# Warcraft Film. Deleted Scenes die es nicht auf DVD als Extras geschafft haben



## Ctkoy (15. April 2017)

Ich hab mal ein Video gesehen wo der Produzent des Filmes (Duncan Jones) sagt, dass es auf der Special Edition Ursprung von Garona gezeigt wird. Weil ich die Special Edition Blueray besitze dachte ich mir ich frag den Mann mal aufm Twitter was nun mit der besagten Szene ist und er hat mir paar Geheimnisse verraten was alles leider auf dem Schnitttisch bleiben musste.

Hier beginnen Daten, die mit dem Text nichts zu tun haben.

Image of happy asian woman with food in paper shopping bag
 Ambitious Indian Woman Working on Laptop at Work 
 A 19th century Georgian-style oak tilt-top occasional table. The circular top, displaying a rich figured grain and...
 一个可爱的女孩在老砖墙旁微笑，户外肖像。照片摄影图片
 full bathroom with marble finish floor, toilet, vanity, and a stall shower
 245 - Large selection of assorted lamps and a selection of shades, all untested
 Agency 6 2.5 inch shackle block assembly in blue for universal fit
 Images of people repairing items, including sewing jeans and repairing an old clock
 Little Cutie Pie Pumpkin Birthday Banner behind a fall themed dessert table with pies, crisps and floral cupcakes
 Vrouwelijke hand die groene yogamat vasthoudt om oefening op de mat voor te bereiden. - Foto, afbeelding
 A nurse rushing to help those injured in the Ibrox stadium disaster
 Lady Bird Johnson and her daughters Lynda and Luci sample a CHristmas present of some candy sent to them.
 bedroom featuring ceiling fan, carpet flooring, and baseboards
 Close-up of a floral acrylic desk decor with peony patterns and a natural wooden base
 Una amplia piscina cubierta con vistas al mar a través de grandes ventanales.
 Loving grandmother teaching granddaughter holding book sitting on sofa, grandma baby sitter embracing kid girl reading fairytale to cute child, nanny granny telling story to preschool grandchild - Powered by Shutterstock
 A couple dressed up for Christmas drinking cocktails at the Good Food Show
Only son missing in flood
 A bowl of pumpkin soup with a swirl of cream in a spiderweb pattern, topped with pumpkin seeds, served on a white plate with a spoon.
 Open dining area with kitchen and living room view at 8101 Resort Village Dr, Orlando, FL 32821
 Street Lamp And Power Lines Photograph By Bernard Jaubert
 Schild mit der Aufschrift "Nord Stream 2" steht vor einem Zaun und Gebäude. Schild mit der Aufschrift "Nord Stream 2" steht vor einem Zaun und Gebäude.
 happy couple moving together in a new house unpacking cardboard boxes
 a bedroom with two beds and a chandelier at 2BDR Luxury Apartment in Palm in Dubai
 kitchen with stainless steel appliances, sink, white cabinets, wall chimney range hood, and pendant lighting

Dachte vielleicht würde es jemanden noch interessieren, ich habe es gefeiert dass er da von paar Szenen sprach die eigentlich recht cool wären... 

 

https://twitter.com/CtKoYs/status/852566543816941569

 

voll der coole Typ eigentlich nahm sich einfach Zeit und hat mir paar Sachen erzählt


----------



## ZAM (18. April 2017)

Duncan ist halt als aktiver WoW-Spieler und Fan zu dem Projekt dazu gekommen und nicht nur ein eingekaufter Regisseur. Der hat 100% viel Liebe und Herzblut da rein gesteckt.


----------